■ **What you are asked to do**
Word for word, quote the lines from the one containing "20180520_112645.jpg" to the end of the entries below, including both. Leave pictures out.

■ **Dataset records**
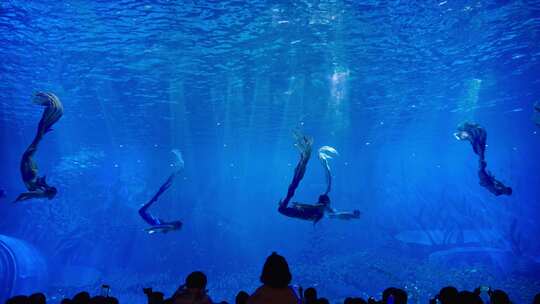 海洋水族馆鱼群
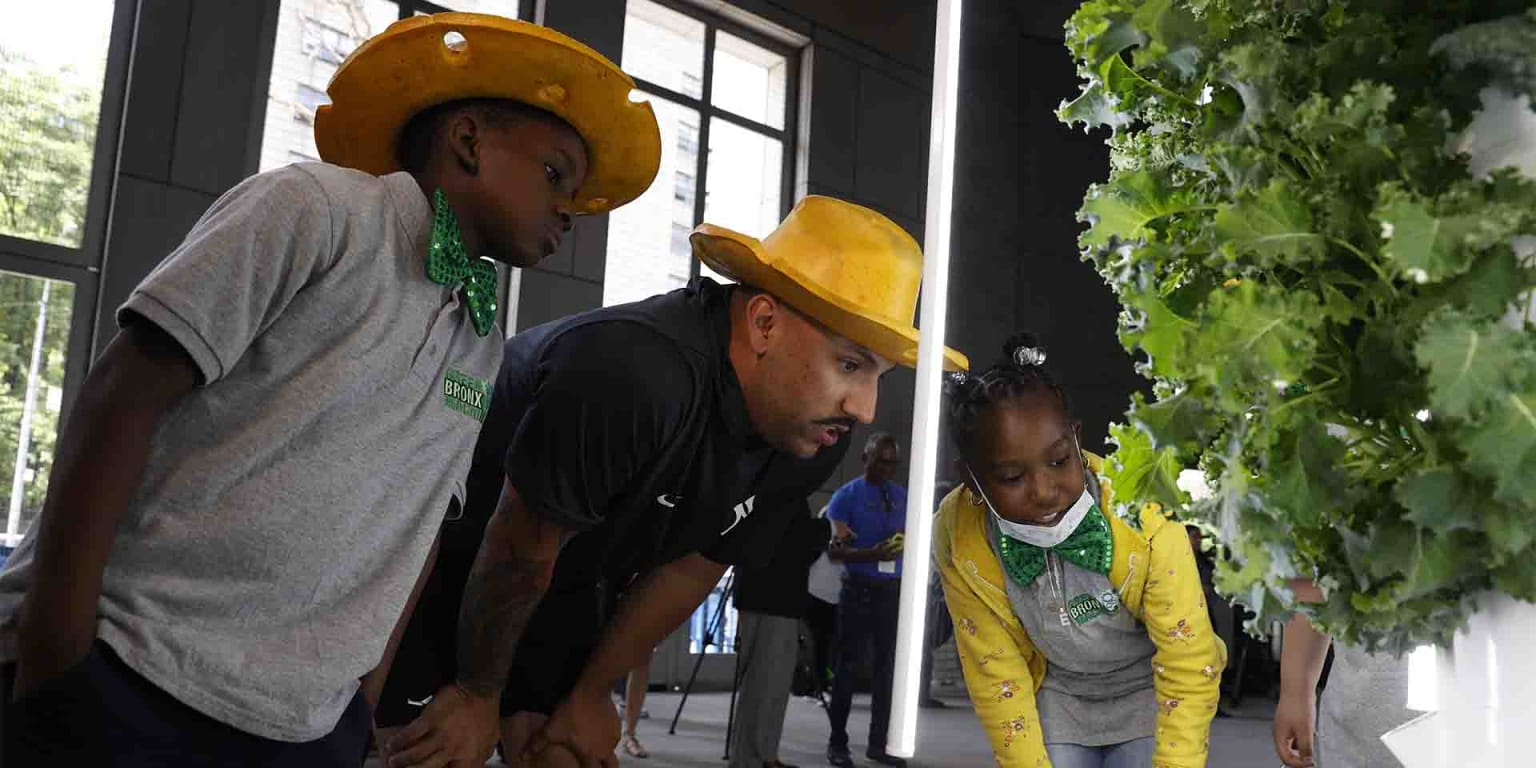 Yankees unveil Yankee Stadium Tower Garden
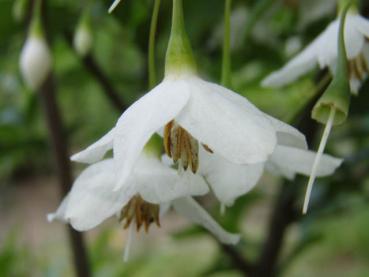 Detailaufnahme der weißen Blüte von Styrax japonica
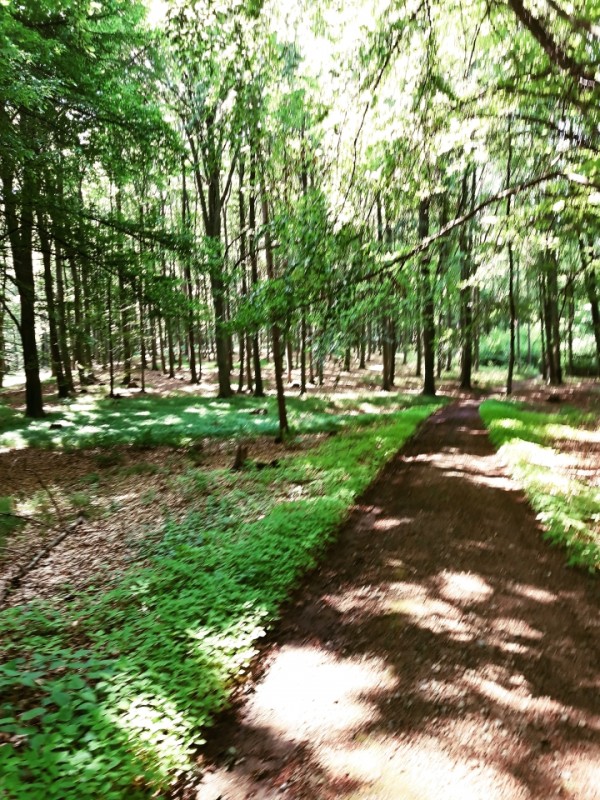 20180520_112645.jpg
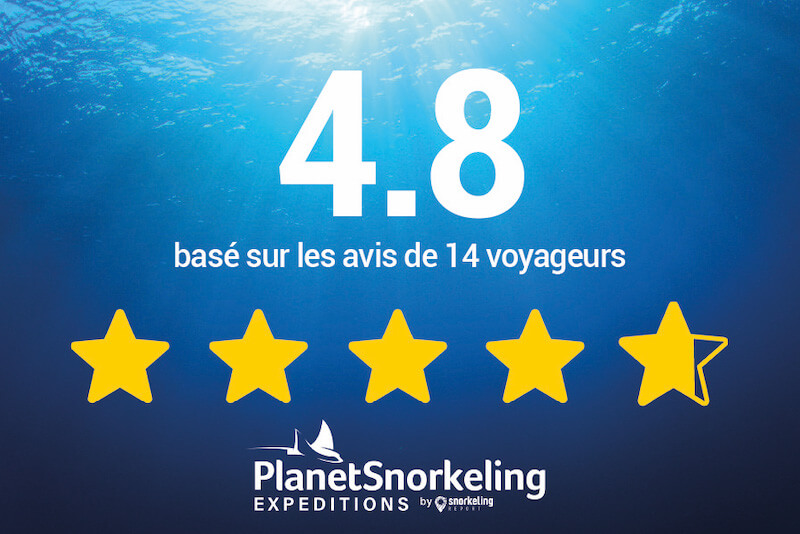 Avis clients Planet Snorkeling Expeditions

■ **Your solution**
 20180520_112645.jpg
 Avis clients Planet Snorkeling Expeditions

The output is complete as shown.